Provide only the number of lines in the following data that contain "Pore".

TASK MATERIAL
────────────────
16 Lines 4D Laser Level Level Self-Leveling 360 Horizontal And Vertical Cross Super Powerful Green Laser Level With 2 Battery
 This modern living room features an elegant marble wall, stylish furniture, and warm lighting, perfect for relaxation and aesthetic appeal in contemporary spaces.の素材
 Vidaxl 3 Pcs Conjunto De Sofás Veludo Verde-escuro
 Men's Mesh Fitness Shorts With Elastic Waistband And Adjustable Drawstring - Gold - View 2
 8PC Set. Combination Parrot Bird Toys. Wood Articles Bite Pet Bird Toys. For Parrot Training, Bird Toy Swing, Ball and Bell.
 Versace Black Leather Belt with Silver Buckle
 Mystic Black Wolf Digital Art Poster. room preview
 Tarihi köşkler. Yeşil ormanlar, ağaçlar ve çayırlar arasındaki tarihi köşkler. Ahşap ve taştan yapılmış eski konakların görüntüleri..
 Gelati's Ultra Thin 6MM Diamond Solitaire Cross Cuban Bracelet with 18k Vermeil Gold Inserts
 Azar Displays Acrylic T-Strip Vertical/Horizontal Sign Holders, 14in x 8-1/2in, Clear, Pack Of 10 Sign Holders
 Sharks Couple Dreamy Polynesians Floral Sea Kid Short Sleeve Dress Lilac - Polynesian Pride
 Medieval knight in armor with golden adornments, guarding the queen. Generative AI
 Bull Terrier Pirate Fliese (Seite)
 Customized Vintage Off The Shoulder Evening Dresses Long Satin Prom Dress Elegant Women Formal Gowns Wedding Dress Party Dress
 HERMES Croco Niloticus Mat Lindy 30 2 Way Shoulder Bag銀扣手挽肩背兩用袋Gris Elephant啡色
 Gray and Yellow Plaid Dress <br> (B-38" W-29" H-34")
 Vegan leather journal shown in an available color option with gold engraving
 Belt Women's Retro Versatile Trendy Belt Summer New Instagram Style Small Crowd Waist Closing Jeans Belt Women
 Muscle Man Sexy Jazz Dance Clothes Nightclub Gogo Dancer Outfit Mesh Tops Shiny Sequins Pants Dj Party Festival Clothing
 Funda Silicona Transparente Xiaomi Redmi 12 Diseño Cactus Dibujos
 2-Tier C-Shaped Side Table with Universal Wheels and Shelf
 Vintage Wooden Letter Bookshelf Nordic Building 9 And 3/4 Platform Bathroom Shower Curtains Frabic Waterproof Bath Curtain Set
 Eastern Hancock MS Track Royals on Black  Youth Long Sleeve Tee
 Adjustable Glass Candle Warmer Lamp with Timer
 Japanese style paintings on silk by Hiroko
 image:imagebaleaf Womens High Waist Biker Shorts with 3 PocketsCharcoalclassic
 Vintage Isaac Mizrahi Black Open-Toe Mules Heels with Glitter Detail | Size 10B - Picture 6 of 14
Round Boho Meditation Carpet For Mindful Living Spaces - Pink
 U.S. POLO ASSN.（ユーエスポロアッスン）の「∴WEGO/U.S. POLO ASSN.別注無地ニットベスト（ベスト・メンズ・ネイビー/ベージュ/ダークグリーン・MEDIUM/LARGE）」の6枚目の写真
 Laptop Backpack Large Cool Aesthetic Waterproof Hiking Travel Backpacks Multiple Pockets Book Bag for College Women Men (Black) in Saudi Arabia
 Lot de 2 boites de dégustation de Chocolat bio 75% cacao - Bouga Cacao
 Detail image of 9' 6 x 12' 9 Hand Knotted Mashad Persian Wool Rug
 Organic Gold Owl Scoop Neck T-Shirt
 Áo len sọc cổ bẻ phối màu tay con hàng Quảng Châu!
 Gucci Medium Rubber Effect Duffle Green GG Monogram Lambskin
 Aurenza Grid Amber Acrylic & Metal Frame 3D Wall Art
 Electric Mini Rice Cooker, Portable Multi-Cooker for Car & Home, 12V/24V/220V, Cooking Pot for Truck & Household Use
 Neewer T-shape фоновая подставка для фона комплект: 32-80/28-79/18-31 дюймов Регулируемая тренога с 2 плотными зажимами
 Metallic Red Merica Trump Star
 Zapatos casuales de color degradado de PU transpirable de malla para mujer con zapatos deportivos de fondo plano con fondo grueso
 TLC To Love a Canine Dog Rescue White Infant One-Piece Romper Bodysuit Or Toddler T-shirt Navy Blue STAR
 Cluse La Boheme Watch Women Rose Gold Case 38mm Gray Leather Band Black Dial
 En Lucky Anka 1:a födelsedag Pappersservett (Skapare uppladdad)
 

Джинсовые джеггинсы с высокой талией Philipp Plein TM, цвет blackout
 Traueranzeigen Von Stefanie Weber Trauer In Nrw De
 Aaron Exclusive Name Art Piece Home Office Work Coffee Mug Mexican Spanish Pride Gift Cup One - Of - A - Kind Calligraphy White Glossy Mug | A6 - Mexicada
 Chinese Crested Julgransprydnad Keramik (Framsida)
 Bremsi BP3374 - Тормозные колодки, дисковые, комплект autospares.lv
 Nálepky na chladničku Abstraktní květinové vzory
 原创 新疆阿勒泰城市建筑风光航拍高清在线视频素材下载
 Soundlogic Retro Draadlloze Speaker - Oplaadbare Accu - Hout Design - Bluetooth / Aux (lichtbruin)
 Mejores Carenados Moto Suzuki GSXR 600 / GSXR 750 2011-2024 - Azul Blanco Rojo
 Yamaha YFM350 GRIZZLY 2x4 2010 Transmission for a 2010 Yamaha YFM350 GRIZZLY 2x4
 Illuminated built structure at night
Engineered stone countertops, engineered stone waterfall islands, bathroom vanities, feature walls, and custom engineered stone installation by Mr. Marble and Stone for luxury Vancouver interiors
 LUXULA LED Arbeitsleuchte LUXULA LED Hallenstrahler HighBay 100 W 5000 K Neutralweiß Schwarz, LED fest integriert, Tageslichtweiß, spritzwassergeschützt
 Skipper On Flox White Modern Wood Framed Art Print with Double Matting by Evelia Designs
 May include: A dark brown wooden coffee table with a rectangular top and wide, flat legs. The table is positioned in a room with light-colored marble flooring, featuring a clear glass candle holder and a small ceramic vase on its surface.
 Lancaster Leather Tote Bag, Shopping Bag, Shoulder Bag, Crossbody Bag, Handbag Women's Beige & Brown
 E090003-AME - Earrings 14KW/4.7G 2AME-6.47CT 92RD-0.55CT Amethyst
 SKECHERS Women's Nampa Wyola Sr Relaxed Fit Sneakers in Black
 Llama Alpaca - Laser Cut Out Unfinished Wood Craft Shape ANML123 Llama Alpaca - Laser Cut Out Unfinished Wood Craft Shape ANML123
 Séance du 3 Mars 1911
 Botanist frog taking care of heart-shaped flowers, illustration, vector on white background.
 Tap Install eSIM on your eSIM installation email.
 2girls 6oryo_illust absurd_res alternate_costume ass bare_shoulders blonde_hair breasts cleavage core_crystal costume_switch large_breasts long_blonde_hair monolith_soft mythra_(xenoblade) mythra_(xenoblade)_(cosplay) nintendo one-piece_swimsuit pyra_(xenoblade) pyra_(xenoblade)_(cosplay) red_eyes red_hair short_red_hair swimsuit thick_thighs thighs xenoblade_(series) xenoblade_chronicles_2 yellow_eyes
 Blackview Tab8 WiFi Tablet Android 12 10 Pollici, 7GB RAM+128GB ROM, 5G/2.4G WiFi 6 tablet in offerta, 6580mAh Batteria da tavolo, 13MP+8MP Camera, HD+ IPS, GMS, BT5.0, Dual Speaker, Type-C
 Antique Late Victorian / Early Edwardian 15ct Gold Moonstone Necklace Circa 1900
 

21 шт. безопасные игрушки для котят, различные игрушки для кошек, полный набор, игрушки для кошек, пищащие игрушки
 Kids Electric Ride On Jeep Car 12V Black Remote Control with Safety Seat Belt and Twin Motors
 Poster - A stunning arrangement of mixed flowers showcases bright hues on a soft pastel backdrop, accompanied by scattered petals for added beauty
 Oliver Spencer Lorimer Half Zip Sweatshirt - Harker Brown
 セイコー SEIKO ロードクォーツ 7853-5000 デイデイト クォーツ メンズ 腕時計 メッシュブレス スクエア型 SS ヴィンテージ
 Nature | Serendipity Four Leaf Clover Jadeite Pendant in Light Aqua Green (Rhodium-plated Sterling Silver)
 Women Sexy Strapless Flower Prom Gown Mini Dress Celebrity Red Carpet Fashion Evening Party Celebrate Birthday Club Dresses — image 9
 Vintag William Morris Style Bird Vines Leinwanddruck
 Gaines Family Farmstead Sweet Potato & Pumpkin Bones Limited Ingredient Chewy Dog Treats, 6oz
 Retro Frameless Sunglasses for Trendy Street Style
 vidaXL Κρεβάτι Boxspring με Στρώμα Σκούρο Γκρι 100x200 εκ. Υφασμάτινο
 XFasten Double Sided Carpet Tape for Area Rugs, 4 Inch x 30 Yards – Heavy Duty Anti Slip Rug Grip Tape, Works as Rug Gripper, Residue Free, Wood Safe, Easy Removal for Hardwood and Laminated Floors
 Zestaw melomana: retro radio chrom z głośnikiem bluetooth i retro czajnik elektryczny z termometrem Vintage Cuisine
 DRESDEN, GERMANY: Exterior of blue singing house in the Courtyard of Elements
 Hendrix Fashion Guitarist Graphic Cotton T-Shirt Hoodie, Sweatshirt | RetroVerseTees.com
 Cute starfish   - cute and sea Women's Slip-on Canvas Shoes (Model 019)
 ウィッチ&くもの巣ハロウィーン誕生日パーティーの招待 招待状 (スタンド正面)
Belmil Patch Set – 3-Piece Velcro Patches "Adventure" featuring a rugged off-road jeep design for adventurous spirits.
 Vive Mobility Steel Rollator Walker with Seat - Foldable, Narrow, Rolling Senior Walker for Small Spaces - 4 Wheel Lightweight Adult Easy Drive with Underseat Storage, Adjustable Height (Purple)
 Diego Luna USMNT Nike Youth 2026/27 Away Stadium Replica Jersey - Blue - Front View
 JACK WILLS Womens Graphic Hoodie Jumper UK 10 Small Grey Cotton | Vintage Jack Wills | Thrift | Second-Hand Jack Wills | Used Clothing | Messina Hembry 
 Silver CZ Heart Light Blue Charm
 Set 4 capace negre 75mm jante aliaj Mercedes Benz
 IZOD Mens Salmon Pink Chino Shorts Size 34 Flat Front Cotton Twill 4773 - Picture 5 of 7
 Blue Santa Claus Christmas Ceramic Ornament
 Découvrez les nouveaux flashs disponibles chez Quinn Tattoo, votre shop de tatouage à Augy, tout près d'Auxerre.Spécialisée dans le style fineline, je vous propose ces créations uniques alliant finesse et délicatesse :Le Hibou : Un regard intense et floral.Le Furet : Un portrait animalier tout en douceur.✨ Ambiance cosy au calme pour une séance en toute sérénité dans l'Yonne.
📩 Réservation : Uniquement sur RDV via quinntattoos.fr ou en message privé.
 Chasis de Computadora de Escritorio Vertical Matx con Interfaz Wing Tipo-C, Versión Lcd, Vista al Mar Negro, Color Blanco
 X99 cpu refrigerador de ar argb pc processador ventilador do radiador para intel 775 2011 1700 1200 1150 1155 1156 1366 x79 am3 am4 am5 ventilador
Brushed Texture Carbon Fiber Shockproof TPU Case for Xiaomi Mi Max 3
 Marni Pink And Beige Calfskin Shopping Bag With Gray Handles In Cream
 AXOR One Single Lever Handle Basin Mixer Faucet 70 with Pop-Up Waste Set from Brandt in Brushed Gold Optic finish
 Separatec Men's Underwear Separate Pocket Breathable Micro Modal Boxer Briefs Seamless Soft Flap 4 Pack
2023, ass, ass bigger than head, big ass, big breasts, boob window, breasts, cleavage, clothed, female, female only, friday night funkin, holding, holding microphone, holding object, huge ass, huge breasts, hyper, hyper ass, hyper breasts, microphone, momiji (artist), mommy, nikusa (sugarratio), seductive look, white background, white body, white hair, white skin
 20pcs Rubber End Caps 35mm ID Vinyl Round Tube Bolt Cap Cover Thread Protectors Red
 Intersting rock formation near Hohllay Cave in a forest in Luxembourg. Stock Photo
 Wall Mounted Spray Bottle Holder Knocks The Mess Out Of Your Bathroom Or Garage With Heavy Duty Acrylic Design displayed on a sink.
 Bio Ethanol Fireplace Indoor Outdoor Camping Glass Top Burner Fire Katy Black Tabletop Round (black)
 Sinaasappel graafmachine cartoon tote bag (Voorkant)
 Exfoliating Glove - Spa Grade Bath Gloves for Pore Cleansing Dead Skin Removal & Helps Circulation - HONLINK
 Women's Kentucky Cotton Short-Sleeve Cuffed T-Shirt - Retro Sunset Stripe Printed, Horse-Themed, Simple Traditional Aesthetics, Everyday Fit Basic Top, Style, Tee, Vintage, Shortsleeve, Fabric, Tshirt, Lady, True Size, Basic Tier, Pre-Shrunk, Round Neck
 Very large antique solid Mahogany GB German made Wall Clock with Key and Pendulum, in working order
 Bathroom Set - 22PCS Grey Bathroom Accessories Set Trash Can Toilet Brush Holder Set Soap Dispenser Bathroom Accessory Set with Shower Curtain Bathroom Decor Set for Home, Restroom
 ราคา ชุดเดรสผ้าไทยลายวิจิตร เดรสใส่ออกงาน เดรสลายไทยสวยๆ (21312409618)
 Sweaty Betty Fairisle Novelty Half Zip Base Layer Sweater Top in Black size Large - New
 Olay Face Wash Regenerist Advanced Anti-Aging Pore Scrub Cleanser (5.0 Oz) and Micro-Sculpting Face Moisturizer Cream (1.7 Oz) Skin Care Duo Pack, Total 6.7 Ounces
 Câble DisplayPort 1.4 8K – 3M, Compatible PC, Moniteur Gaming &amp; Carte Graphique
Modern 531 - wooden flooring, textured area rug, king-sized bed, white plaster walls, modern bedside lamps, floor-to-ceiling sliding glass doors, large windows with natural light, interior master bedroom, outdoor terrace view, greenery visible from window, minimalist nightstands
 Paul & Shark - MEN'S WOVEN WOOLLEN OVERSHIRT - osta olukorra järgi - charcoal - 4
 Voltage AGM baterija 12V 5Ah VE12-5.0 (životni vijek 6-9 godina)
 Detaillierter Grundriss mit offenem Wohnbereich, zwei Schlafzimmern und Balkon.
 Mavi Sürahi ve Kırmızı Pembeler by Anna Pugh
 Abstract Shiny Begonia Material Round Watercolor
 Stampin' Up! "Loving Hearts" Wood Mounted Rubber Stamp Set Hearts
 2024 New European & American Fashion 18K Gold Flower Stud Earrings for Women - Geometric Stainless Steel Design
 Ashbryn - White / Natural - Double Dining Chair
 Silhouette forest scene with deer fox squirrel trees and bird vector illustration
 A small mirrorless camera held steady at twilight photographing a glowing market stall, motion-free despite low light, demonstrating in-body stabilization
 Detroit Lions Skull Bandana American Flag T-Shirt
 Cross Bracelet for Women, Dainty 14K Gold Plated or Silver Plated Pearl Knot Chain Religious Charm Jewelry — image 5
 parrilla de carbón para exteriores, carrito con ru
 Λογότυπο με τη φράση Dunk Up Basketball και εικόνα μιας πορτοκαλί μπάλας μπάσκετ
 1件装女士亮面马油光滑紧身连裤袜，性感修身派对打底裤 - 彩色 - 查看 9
────────────────
TASK OUTPUT
2